No último dia 15 de dezembro, foi realizada no Rio de Janeiro sessão de desagravo à Luciana Boiteux, por parte da Ordem dos Advogados do Brasil, seccional Rio de Janeiro (OAB-RJ). Advogada criminalista e candidata à coprefeita pelo PSOL Carioca ao lado de Marcelo Freixo, Boiteux sofreu ataques públicos no programa de rádio e TV do então candidato Marcelo Crivella. Ela foi acusada de “defender bandidos”, configurando confusão proposital entre a profissional e seu cliente, além de ofensa à própria natureza da advocacia e das premissas constitucionais que garantem amplo direito à defesa de todas e todos que são acusados por crimes, seja eles de quaisquer natureza. A sessão de desagravo é um dispositivo que advogad@s atingid@s em seu papel na sociedade podem solicitar à OAB. Uma vez havendo pertinência e sob risco de criar ranhuras nas reais funções da classe, conselheiros e a presidência da entidade se manifestam em evento público.

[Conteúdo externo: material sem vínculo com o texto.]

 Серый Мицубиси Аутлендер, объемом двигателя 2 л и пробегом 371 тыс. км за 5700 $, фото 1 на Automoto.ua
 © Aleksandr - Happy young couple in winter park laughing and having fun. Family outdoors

No programa de TV exibido em outubro de 2016, Luciana foi acusada de defender o traficante Uê, um dos mais temidos e procurados nos anos 1990. Entretanto, ela estava apenas listada no processo, pois defendia uma advogada acusada de ter ligações com Uê. Boiteux vê na situação a tentativa de reforçar a imagem de advogados e militantes dos direitos humanos como defensores de atos ilícitos ou mesmo, que esses profissionais compactuam com o tráfico de drogas. Isso, além de ir de encontro a uma prerrogativa constitucional, reforça o senso comum punitivista. Porém, a acusação foi utilizada como uma espécie de propaganda de imagem negativa da candidatura de Freixo e Luciana e pior, irresponsabilidade ativada por um senador da república, o que deliberou ainda mais em favor da sessão de desagravo à Boiteux e reforçou a potência da atitude da OAB-RJ, considerada exemplar, desaprovando a conduta de Crivella em seu ataque.
– É de alguma forma, uma resposta corporativa da OAB em um sentido de proteger os próprios advogados ao entender que esse ataque não é a mim ou à candidata, mas sim um ataque a figura de todos os advogados. Além disso, nós não podemos ferir a presunção de inocência – rejeitar advogar para uma pessoa presumindo que ela seja culpada é ir de encontro à nossa constituição.
Em seu discurso, Luciana aproveitou para fazer um destaque sobre o sistema penitenciário brasileiro atual em que a maioria dos encarcerados são condenados por tráfico. Precário e ainda sendo influenciado por campanhas da mídia que reforçam a imagem do traficante como inimigo número um da sociedade, o sistema penitenciário acaba por condenar pobres, em sua maioria jovens, negros e um crescente número de mulheres que já vivem em condições precárias do lado de fora das celas, a estarem aglomerados em péssimas condições e ainda, sem o direito constitucional de ter um advogado, como se fossem desde sua condição de vida e nascimento, já condenados ao confinamento, quiçá ao assassinato por parte dos aparatos coercitivos do estado.
– Você estaria negando o direito a uma pessoa de ter o direito a ter um advogado.
Para Luciana, esta situação ainda tomou um aspecto ainda mais importante para a OAB por conta do momento político e jurídico ao qual estamos passando no país, onde direitos e garantias sociais estão sendo violados. A conjuntura da “Lava Jato”, na qual uma acusação já significa uma condenação, também trouxe seu caso ao centro da discussão da OAB, pois fala, justamente, do amplo direito à defesa.
Um dos aspectos mais condenados pela OAB-RJ foi a utilização da criminalização da advocacia por parte de um senador da república, tendo como objetivo uma campanha de marketing eleitoral para angariar resultados de imagem negativos para a chapa do PSOL. A estratégia política de Crivella foi, justamente, mobilizar a opinião pública por um discurso persecutório, dentro desta lógica da periculosidade do traficante, contrariando a constituição para angariar votos. Além disso, ao citar Luciana como advogada de Uê, o programa de Crivella caiu em falsidade, pois a mesma não fez parte de sua defesa. Porém, colocado da forma como foi apresentado e sem a possibilidade de defesa imediata por sua parte, para uma parcela da população isso figurou como a verdade.
A advogada pretende entrar com ação civil de danos contra Crivella e caso, obtenha indenização pelo caso, os recursos serão doados para campanhas políticas de mulheres. Segundo Boiteux, é uma forma diante de um ataque como desses, de dar uma promoção positiva da política ao incentivar candidaturas de mulheres em disputas futuras.